==== RECORDS SUPPLIED

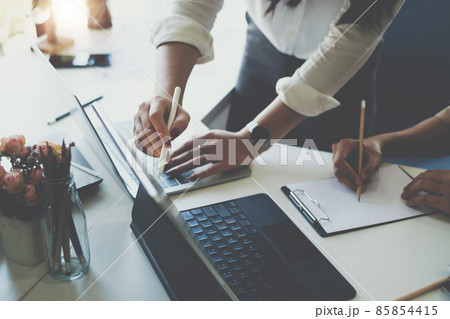 Fund managers team consultation and discuss about analysis Investment stock market by digital tablet. 85854415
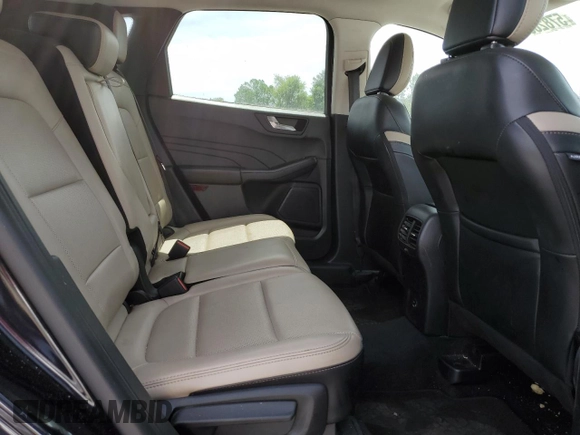 2021 Ford Escape SEL с VIN 1FMCU0H69MUA57897, выставлен на аукционе Copart как лот 57826815 с пробегом 81 263 миль миль и Списание • Salvage title. История ставок и продаж доступна на DreamBid. Изображение 11.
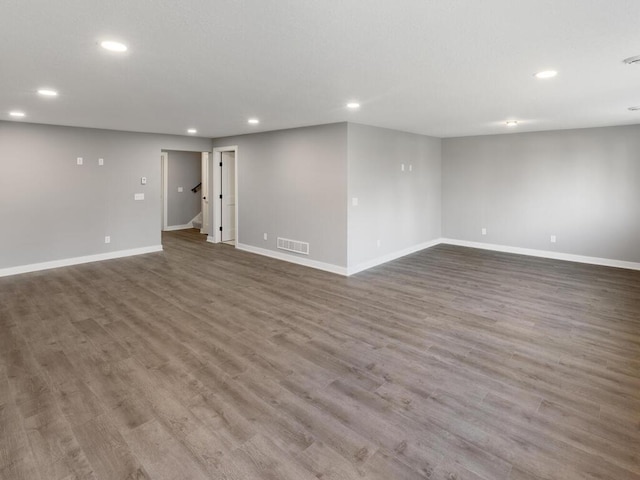 spare room featuring wood-type flooring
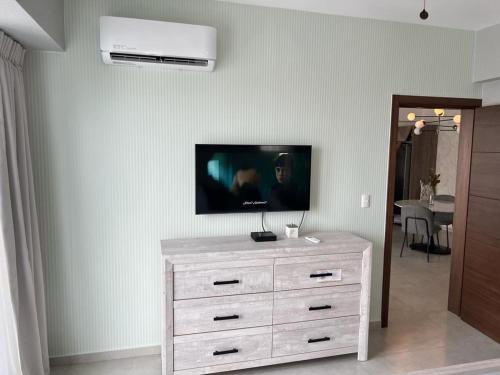 a white dresser with a tv on a wall at New: Centric, City View, SofaBd in Santo Domingo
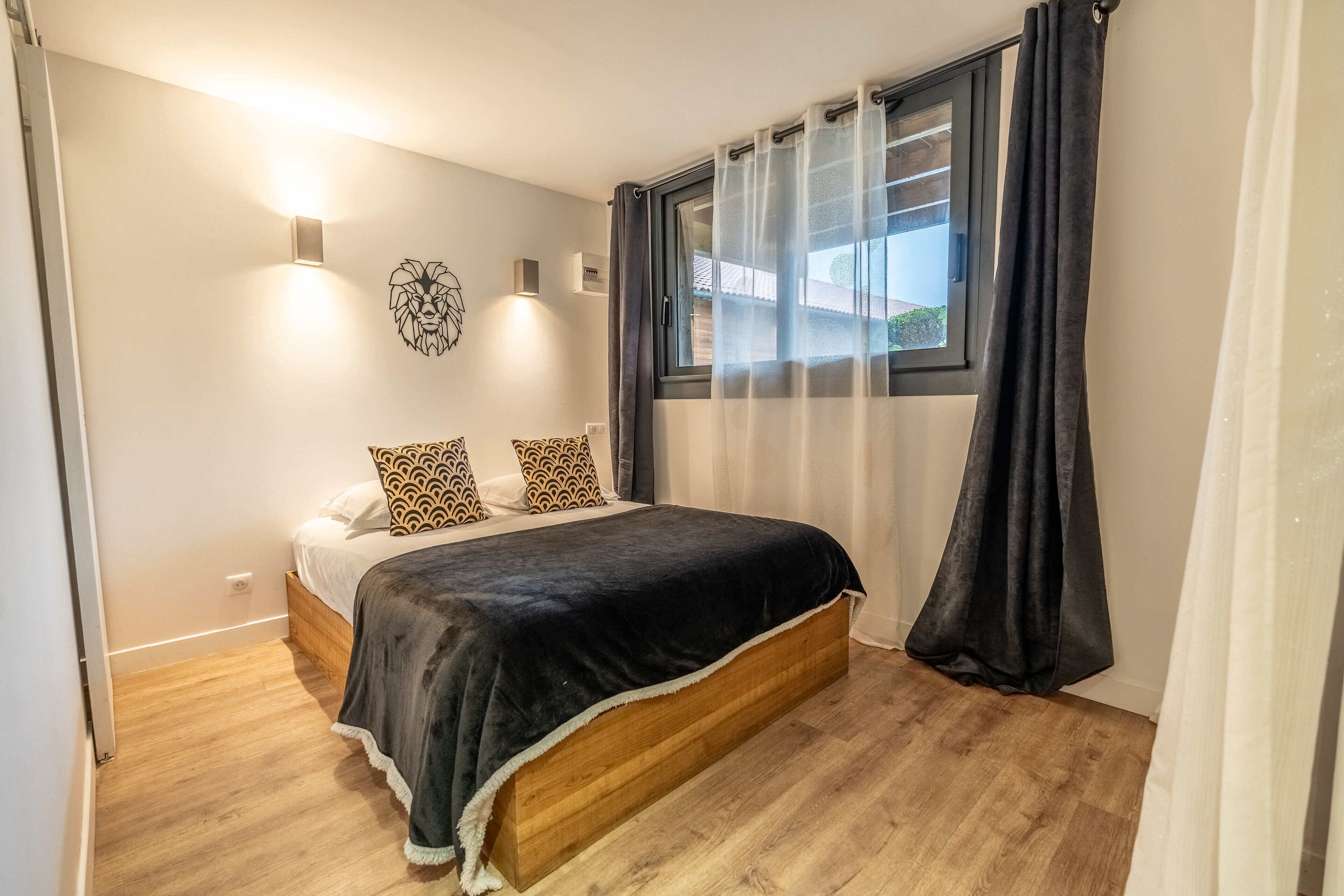 A bedroom with a wooden bed, patterned pillows, a black blanket, and a window with curtains.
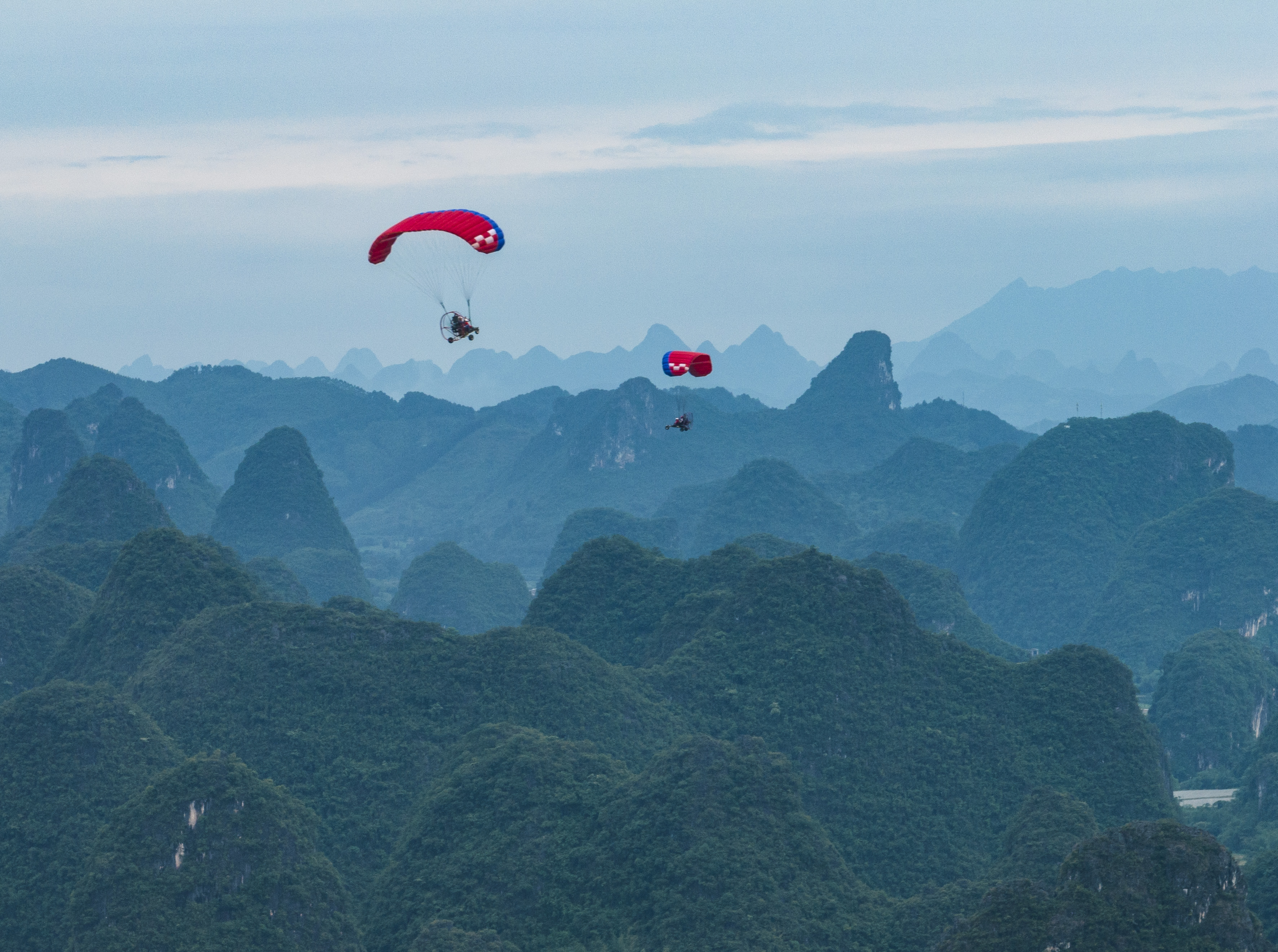 People paraglide over the green hills of Yangshuo in China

========

_ACTIVITY_: Please hand back every entry above exactly, with no images in the copy.

_YOUR RESPONSE_:
 Fund managers team consultation and discuss about analysis Investment stock market by digital tablet. 85854415
 2021 Ford Escape SEL с VIN 1FMCU0H69MUA57897, выставлен на аукционе Copart как лот 57826815 с пробегом 81 263 миль миль и Списание • Salvage title. История ставок и продаж доступна на DreamBid. Изображение 11.
 spare room featuring wood-type flooring
 a white dresser with a tv on a wall at New: Centric, City View, SofaBd in Santo Domingo
 A bedroom with a wooden bed, patterned pillows, a black blanket, and a window with curtains.
 People paraglide over the green hills of Yangshuo in China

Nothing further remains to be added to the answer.